At some point, however, I stopped wearing it. Until Doug took these photos a few weeks ago, I hadn’t had it on in years. Why did I stop wearing it? First of all, I think I had worn it so often that I had become bored with it. Second, as the years went on and I knit more and more, I had a growing pile of hand knits to wear, so it had some competition. More importantly, however: this sweater is shapeless. It is four rectangles sewn together. There is no shaping whatsoever. The combination of dropped shoulders and no waist shaping means that it is baggy and shapeless.
There is nothing particularly wrong with shapeless sweaters. In fact, over-sized sweaters without waist shaping and with dropped shoulders are right in style now. The past few years, however, has had me knitting a succession of shapely, curvy sweaters for me and the girls (for example, Livvy for me, Venetian Audrey for Emma and Peloponnese for Leah). Compared with them, my Klaralund felt sloppy. Another reason may also have to do with ego – it is nice to wear a hand knit sweater that shows off your expertise. Klaralund can be made by a total beginner.

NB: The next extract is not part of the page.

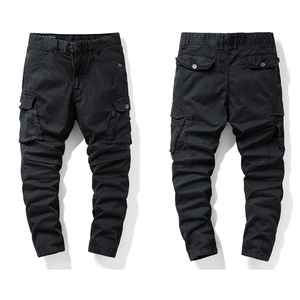 Pantalones tácticos informales de algodón para hombre, ropa deportiva con bolsillo de carga, con logotipo personalizado y colores, gran oferta - Product Image 3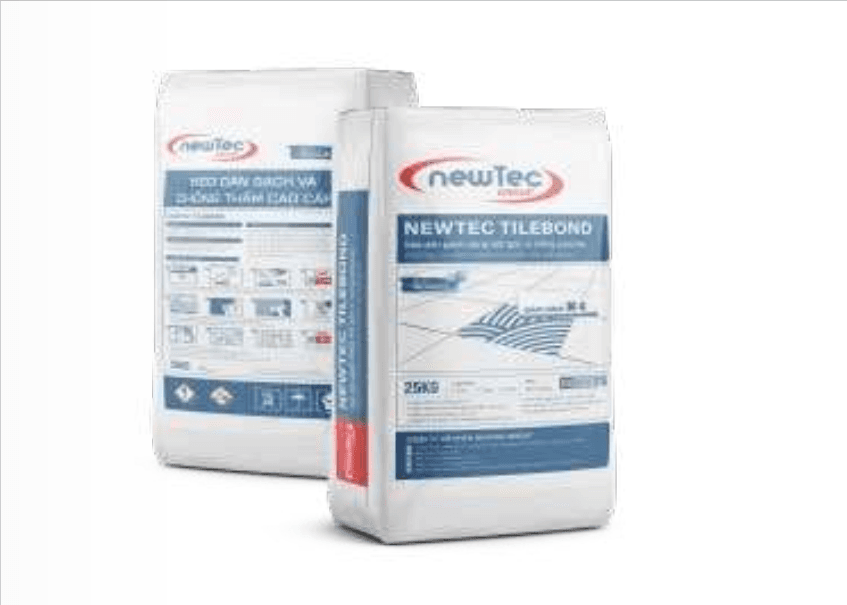 NEWTEC TILEBOND: Keo dán gạch dạng bột gốc ximang Polymer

Now that I’ve put it back on though, I think I might resurrect it. It is still comfortable and easy. The colours are still bright and interesting. It has even held its shape (in a shapeless kind of way). I can still fit into it, despite the extra weight! Furthermore, it brought back a bit of nostalgia. I knit this before Ravelry existed. When I was considering making this sweater, I put ‘Klaralund’ into a search engine and discovered that other knitters were doing the same – this was how I discovered knitting blogs for the first time. For me, this sweater marks the beginning of the internet in my knitting life. Who could have guessed that the internet would have so totally changed the knitting community and the way I think about knitting?